In the data below, find the line that contains "Cumhurbaşkanı Erdoğan'dan Çanakkale" and the line that contains "7753c490-8f96-4056-a164-b1ffaf2f2f8f". Copy both, plus every line between them, exactly.

▼

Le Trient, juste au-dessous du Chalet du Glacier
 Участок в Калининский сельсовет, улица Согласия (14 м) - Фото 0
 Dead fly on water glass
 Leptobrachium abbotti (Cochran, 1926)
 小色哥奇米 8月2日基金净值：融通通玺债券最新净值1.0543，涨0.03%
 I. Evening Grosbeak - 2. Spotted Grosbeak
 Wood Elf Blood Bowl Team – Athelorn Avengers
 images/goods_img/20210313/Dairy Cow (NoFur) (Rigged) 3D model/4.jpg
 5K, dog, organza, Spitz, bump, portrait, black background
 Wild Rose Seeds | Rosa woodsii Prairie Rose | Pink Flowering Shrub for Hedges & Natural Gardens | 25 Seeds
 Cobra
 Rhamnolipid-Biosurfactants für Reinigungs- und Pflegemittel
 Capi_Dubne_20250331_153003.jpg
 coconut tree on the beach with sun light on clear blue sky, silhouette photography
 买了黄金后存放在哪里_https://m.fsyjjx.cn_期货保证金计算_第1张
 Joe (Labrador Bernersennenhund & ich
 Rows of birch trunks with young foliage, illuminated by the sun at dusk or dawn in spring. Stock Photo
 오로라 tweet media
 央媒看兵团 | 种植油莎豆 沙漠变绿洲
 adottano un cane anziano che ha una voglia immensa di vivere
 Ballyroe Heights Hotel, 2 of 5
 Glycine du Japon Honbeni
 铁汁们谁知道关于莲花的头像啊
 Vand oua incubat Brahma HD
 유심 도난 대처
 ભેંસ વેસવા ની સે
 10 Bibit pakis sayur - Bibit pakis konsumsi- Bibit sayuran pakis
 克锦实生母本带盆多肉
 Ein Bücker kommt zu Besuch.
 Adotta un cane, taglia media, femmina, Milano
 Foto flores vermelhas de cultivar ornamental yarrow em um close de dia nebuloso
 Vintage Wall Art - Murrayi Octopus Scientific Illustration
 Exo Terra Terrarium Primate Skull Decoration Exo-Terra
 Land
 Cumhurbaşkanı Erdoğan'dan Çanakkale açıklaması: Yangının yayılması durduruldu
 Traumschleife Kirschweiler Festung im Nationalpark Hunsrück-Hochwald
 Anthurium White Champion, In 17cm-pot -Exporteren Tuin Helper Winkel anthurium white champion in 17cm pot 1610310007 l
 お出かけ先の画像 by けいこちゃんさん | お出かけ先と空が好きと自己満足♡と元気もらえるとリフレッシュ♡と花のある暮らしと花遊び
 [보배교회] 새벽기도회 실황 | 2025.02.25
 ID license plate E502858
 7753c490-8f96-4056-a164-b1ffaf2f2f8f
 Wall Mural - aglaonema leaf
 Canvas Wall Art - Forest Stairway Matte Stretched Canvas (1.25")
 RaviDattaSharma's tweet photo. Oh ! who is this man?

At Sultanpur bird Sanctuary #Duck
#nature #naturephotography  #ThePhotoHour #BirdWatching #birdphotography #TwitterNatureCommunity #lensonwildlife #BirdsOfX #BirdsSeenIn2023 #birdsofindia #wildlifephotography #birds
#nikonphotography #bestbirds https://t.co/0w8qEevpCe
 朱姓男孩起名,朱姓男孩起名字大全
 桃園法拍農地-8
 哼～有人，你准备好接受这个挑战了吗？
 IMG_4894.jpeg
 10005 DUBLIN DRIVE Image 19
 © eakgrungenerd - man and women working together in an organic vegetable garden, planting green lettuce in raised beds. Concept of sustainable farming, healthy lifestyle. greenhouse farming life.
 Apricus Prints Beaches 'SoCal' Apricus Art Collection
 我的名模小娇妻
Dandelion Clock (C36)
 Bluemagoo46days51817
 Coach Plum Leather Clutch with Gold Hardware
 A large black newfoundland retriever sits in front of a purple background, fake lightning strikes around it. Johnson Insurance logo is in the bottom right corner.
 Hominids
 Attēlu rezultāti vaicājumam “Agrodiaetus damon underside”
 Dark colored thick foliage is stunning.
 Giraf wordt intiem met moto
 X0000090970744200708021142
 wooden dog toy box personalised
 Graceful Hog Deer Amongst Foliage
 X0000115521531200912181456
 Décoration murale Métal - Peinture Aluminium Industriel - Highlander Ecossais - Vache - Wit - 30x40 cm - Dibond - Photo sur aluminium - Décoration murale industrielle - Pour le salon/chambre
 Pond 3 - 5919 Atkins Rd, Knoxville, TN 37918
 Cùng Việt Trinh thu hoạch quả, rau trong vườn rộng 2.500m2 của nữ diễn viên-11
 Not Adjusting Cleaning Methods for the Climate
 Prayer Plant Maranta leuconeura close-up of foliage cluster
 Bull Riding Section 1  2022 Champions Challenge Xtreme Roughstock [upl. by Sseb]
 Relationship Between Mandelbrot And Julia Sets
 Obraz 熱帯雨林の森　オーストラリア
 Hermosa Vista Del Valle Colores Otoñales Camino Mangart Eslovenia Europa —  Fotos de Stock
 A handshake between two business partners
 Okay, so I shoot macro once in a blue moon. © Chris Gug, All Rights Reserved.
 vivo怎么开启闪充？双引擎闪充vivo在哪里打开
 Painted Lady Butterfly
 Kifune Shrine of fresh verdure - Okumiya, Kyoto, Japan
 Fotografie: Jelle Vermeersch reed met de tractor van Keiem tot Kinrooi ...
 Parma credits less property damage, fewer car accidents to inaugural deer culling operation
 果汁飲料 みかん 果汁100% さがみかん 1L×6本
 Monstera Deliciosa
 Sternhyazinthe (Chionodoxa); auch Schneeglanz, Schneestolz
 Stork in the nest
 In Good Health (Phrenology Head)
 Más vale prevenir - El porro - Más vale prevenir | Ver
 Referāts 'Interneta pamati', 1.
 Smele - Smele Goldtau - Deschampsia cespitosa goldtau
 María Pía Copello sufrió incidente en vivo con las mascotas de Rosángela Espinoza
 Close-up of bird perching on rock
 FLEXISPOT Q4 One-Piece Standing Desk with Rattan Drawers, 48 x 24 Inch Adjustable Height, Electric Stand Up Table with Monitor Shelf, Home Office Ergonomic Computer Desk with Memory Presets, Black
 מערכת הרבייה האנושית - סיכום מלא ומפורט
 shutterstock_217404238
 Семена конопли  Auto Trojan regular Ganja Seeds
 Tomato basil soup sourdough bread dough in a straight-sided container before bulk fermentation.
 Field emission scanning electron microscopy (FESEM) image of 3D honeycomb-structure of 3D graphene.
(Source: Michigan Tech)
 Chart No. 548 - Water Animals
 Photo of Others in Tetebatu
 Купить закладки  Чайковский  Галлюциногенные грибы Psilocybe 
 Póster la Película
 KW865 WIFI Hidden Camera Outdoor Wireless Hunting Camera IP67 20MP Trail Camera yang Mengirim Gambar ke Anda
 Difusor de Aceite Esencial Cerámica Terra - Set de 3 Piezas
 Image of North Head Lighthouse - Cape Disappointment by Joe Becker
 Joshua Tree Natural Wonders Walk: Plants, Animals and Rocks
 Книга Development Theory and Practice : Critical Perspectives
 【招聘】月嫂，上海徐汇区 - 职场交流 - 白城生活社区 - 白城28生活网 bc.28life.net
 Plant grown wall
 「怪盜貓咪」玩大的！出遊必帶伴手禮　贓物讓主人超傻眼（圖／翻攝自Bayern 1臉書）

▲

OUTPUT OF THE TASK
 Cumhurbaşkanı Erdoğan'dan Çanakkale açıklaması: Yangının yayılması durduruldu
 Traumschleife Kirschweiler Festung im Nationalpark Hunsrück-Hochwald
 Anthurium White Champion, In 17cm-pot -Exporteren Tuin Helper Winkel anthurium white champion in 17cm pot 1610310007 l
 お出かけ先の画像 by けいこちゃんさん | お出かけ先と空が好きと自己満足♡と元気もらえるとリフレッシュ♡と花のある暮らしと花遊び
 [보배교회] 새벽기도회 실황 | 2025.02.25
 ID license plate E502858
 7753c490-8f96-4056-a164-b1ffaf2f2f8f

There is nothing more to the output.